[time-nuts] Re: Rb Standards C-fields

Magnus Danielson magnus at rubidium.se
Tue Aug 22 12:36:09 UTC 2023


Hi Bob,

For quite many rubidiums the C-field current very often derive fairly 
crudely from one of the power supply lines. As you already concluded, 
this is not the most stable source and sure you can do better. However, 
you need to back out and look on the big picture. There is a number of 
other frequency offset contributions in a rubidium, such as the wall 
shift, the gas micture, the cavity tuning and these all show dependence 
on temperature and other environments too.
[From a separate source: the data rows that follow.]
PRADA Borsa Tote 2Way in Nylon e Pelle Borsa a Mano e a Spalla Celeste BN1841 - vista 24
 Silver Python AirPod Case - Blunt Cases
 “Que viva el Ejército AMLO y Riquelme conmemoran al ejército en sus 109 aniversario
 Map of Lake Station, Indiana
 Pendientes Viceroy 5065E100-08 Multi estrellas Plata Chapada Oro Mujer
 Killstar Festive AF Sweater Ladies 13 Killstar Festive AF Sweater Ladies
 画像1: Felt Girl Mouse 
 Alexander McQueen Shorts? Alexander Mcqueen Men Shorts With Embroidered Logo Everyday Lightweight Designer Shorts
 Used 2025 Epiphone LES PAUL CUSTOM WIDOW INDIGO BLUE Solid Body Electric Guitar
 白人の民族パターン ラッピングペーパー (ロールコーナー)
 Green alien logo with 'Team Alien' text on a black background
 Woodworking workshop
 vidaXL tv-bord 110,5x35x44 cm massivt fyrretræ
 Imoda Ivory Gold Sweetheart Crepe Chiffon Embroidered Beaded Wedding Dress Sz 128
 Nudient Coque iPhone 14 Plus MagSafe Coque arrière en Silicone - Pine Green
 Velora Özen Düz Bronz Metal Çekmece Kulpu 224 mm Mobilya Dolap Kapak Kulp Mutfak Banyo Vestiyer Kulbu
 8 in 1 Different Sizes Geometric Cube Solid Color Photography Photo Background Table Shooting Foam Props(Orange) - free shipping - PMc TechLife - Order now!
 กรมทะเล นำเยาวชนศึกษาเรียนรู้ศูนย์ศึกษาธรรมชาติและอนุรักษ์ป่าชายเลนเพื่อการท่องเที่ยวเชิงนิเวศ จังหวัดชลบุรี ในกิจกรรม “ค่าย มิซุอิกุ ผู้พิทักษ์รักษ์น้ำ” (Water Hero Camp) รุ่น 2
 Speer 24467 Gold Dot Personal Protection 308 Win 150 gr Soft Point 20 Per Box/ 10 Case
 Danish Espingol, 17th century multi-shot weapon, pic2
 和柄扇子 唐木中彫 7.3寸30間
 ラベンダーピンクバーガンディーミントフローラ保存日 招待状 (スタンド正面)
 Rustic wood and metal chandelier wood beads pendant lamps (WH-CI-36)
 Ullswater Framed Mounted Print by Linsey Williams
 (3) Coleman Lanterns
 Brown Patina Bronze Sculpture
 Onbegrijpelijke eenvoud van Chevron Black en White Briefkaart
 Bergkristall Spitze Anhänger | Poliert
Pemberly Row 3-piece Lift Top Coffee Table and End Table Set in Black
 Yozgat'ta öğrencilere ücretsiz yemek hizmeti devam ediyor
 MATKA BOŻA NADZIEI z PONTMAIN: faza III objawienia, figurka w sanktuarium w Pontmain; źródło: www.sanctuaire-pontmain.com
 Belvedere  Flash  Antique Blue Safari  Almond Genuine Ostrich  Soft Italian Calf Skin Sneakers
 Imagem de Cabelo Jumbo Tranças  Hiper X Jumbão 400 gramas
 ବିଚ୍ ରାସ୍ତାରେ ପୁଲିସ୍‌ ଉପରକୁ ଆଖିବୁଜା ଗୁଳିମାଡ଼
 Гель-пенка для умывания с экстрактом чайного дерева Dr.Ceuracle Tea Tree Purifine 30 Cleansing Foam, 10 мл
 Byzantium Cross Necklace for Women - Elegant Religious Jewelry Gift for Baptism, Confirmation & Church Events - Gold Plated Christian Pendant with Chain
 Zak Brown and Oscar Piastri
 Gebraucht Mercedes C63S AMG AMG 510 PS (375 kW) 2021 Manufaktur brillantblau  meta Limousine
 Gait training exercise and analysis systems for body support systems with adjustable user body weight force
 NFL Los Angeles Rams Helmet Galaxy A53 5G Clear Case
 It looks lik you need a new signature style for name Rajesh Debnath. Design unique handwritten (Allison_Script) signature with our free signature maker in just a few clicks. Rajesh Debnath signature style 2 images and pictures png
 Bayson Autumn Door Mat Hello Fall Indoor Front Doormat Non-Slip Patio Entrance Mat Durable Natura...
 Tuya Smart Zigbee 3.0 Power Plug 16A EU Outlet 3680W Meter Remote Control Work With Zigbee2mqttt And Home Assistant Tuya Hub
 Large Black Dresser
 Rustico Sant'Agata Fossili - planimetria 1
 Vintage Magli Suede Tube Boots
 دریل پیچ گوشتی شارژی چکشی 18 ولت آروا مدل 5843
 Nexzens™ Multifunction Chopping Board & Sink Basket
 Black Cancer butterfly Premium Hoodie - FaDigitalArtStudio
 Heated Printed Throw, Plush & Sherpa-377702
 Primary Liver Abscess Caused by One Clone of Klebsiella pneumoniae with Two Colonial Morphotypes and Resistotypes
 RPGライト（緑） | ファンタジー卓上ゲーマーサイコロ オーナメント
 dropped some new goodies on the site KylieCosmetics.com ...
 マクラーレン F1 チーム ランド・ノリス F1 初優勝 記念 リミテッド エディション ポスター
Some of these even compensate 
each other, so the gas mixture you attempt to make to compensate the 
wall shift. So fine, a particular design may have reasonable balance of 
these to meet it's targets.

What you can now consider is wither you aim to more precisely remove 
frequency shifts or if your aim is to improve on environmental 
stability. You can choose to do the later without necessarilly care 
overly much about the first, but you often want to do the later as you 
aim for the first. As hobbyist the second goal is a fun challenge. 
However, what you can do is to start test what voltage and temperature 
variations you can trace to this or that mechanism. There is an 
interesting interaction between these, as temperature also affects the 
oven loops which pulls less or more current which ends up varying 
voltage. Expect that it takes time to figure out which are the major 
effects and then aim to stabilize them. I am not sure that the C-field 
coil is the worst offender.

For some older rubidiums, the op-amps may not be exactly known as 
stability masters by todays measures, or to put it more pluntly, pretty 
good temperature sensors.

I can recommend you to dip your nose into "Rubidium Frequency Standard 
Primer" by W.J.Riley. It has a fair amount of practical details 
illustrated and good reasoning on them. There is more, but that's a 
relatively easy to access book.

I'm very tempted to do all this myself too, never got around to it. It 
is an interesting challenge.

Cheers,
Magnus

On 2023-08-22 07:50, Bob Stewart via time-nuts wrote:
> Is there someplace I could get some practical information about C-fields in Rb standards?  I'm not looking for the physics of how they work.  What I need is on the practical side.  This relates to the AT&T RFG-RB unit I bought.  Looking at the components, I don't see any obvious voltage references.  It has a couple of power supply chips, but nothing better than an LM-340T-5 or whatever it was.  And the C-field adjustment is a 10-turn 5K pot.
> My bottom line question is this:  Would it would make any real difference to the stability of the 10MHz output if I were to add an external voltage reference chip, such as an ADR4550A (or B or C) and a 25-turn pot, or even a DAC1220-E and a dsPIC33 to run it?  I'm assuming the center C-field voltage is 2.5V.  Given all the electronics in the thing, I'm tempted to just pull both boards out and make a new board to support the Rb oscillator with just the features I need.  But if the thing is already near the limits of the Rb oscillator there's no point.  It contains an Efratom 102100-003, for which I can't find any information.